According to NAV CANADA's representative, the human error cannot be defended despite the many bulletins posted or instructions and procedures implemented. Everybody was aware of them and Mr. Fox, the supervisor, explained what the company did to ensure they were followed. The applicant's representative argued that it is wrong to believe that the supervisor did not do his job correctly because he did not follow all of the controller's instructions. The supervisor must rely on the controller's professionalism and cannot follow all of his moves.

Mr. Donovan referred to the Minister of Transport v. Canadian Airlines[4] and read the following passage:

This is not to suggest that the process is inadequate but simply illustrates in a potentially tragic way that inadvertence resulting from the frailty of human behaviour can and has demonstrably been proven to give rise to the potential for horrendous tragedy... Is there any piece of legislation that can absolutely assure the implementation of a system free from human error or momentary distraction?... Regrettably, the best intentions... are frustrated by the limitations imposed on the system by human factors...

Further, we can read about licensed employees:

The licensing concept rests on the view that those who chose to participate in regulated activities have, in so doing, placed themselves in a responsible relationship to the public generally and must accept the consequences of that responsibility...

... The concept is that those people who enter a regulated field are in the best position to control the harm which may result, and that they should, therefore, be held responsible for it.

As licensed employees, air traffic controllers have certain responsibilities and obligations. He added that when a controller is on duty, he is expected to comply with the procedural requirements and regulations.

Pursuant to section 8.4 of the Act, consent is required to charge the operator, which is not the case here. He alleged that there is no causal relationship between the responsibilities of NAV CANADA and the actions of the controller.

Regarding the defence of due diligence, it is appropriate to emphasize that the security system implemented assigns specific responsibilities to each member of the team in the tower.
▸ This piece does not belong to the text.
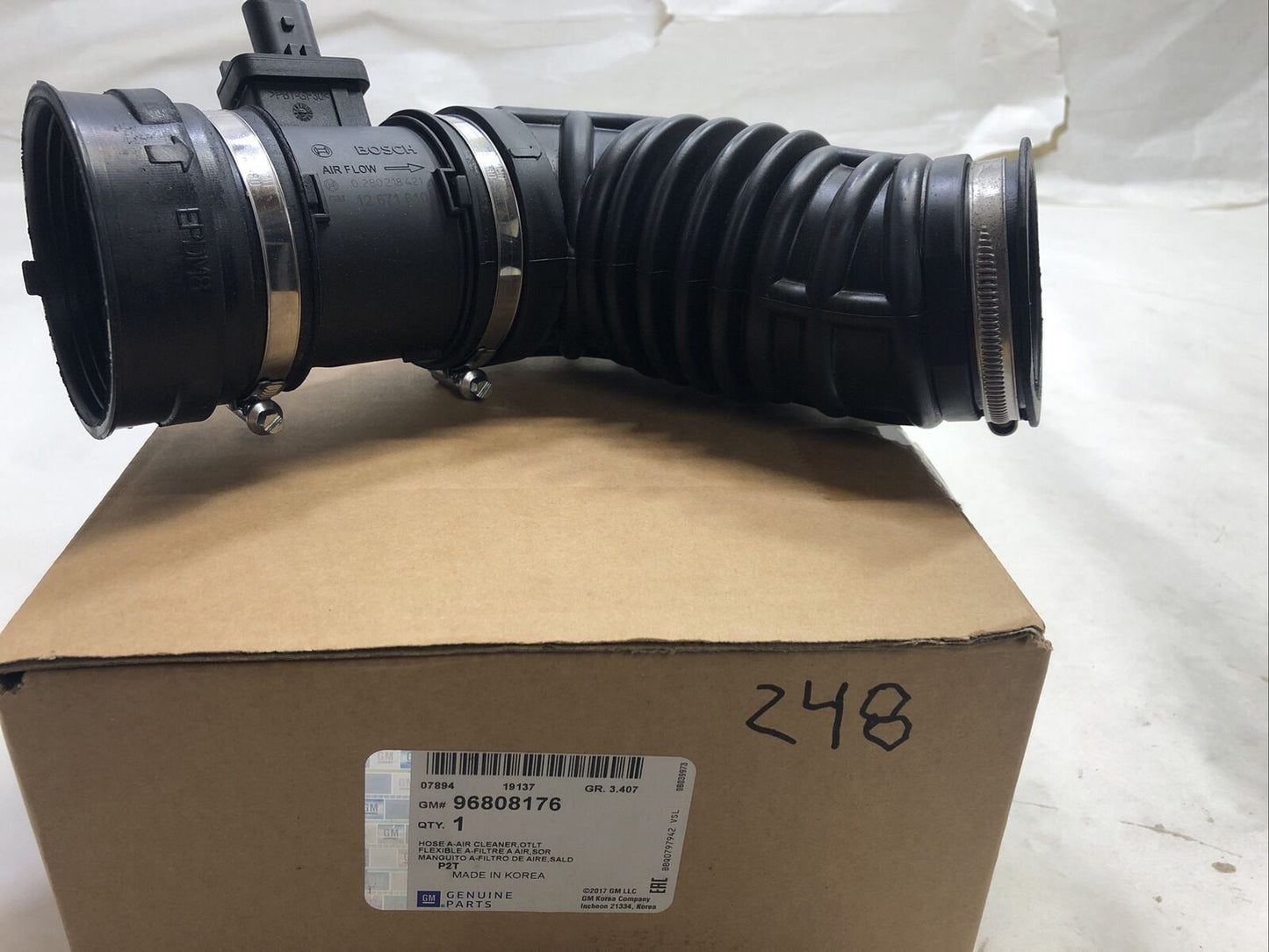 New OEM GM Engine Air Intake Hose Chevy Aveo 1.6L-L4 2009-11 GENUINE 96808176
NAV CANADA is responsible for ensuring that everybody, including the controllers, is informed about instructions at all times, which is what the applicant did.

Mr. Donovan then referred the Tribunal to the Marsh[5] case, in which diligence is defined as follows:

Diligence is defined as 'the attention and care legally expected or required of a person.' The determination of what diligence would be due in a specific instance depends on the circumstances that prevail...
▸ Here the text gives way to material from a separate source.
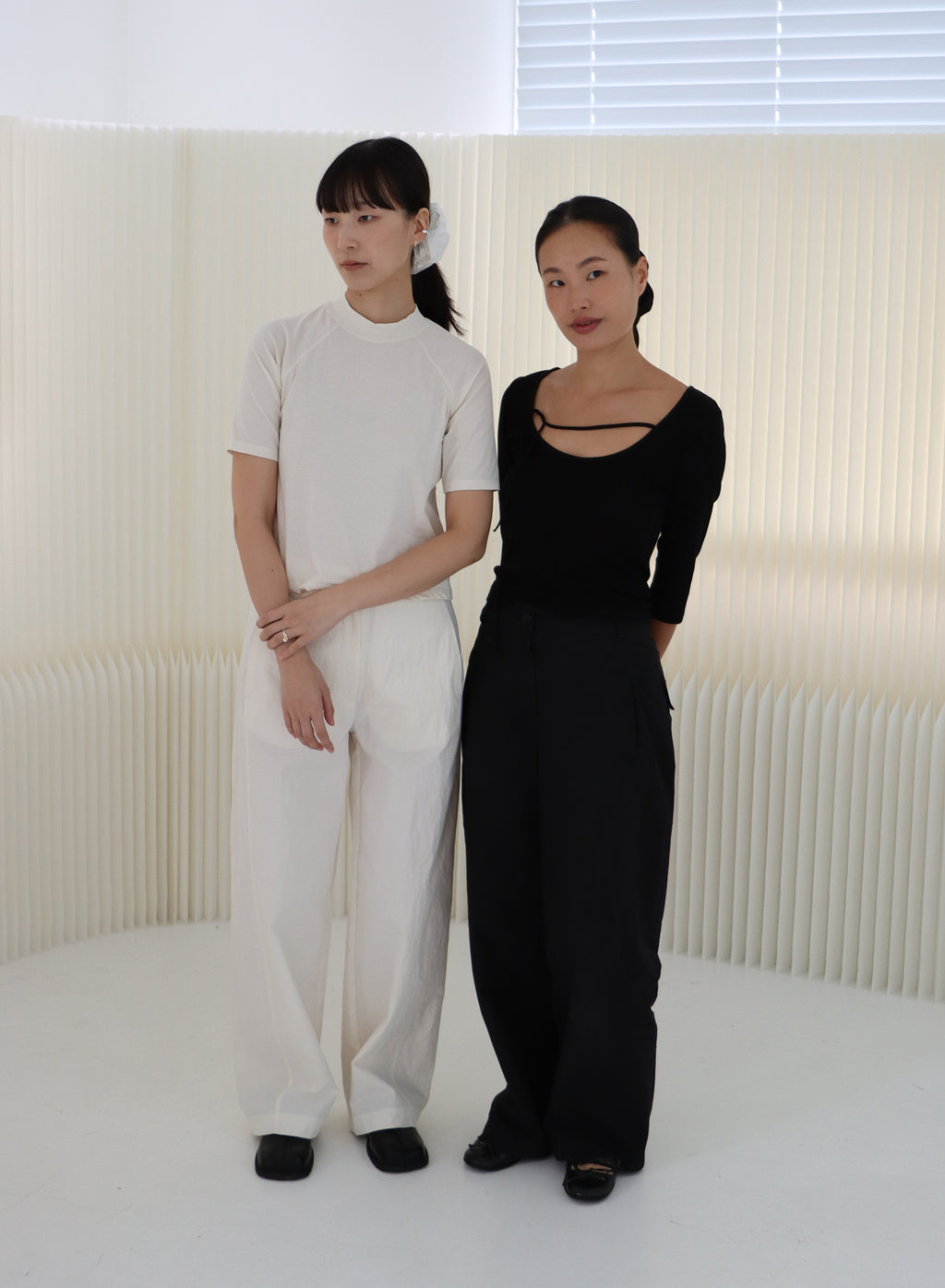 WIDE LEG CRISPY PANTS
Referring to Mr. Boulet's testimony, the applicant's representative added that there was nothing NAV CANADA could have done to prevent this human error.

Regarding double jeopardy, Mr. Donovan argued that the fact that the Canadian Domestic Air Traffic Control Separation Standards were not complied with, caused the result in this case, which was the unauthorized procedure carried out by the controller. If the procedures had been followed, the incident would not have occurred.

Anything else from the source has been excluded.